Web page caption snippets
· · · · ·

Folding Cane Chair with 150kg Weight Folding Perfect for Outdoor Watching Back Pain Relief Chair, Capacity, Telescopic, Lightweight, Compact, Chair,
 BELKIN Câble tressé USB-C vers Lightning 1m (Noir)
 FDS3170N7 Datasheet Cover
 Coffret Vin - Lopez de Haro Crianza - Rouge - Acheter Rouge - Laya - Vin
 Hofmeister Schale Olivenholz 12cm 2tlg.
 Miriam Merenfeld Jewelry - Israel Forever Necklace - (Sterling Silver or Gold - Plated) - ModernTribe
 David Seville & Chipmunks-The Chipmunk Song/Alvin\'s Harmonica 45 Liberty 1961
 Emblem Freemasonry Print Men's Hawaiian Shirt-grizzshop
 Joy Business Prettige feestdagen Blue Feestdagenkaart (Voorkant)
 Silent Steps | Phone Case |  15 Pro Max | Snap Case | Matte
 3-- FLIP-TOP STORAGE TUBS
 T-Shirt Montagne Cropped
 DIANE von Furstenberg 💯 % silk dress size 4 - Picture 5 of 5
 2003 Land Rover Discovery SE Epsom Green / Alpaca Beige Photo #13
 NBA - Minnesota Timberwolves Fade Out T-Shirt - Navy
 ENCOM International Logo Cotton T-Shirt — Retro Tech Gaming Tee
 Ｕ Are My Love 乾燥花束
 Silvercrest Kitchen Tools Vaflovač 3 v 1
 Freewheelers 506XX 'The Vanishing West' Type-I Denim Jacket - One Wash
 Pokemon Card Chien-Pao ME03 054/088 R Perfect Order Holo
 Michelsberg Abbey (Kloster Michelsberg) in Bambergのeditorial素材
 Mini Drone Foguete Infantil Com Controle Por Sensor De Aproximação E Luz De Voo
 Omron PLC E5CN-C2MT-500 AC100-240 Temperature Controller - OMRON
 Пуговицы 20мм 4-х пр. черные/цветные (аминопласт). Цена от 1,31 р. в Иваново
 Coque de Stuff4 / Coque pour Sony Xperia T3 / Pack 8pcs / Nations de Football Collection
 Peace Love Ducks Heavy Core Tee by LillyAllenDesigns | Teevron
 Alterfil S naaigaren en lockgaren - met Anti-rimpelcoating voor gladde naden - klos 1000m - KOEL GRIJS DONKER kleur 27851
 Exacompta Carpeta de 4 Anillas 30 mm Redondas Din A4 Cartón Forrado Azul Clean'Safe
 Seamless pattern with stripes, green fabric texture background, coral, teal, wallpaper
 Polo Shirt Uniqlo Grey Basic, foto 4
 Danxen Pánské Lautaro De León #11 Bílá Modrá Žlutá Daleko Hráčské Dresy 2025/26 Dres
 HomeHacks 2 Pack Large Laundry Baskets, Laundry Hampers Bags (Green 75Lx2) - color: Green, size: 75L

· · · · ·

Would you output the lines from the one that contains "Alterfil S naaigaren" to the end of the data, both ends included, exactly as they appear?

 Alterfil S naaigaren en lockgaren - met Anti-rimpelcoating voor gladde naden - klos 1000m - KOEL GRIJS DONKER kleur 27851
 Exacompta Carpeta de 4 Anillas 30 mm Redondas Din A4 Cartón Forrado Azul Clean'Safe
 Seamless pattern with stripes, green fabric texture background, coral, teal, wallpaper
 Polo Shirt Uniqlo Grey Basic, foto 4
 Danxen Pánské Lautaro De León #11 Bílá Modrá Žlutá Daleko Hráčské Dresy 2025/26 Dres
 HomeHacks 2 Pack Large Laundry Baskets, Laundry Hampers Bags (Green 75Lx2) - color: Green, size: 75L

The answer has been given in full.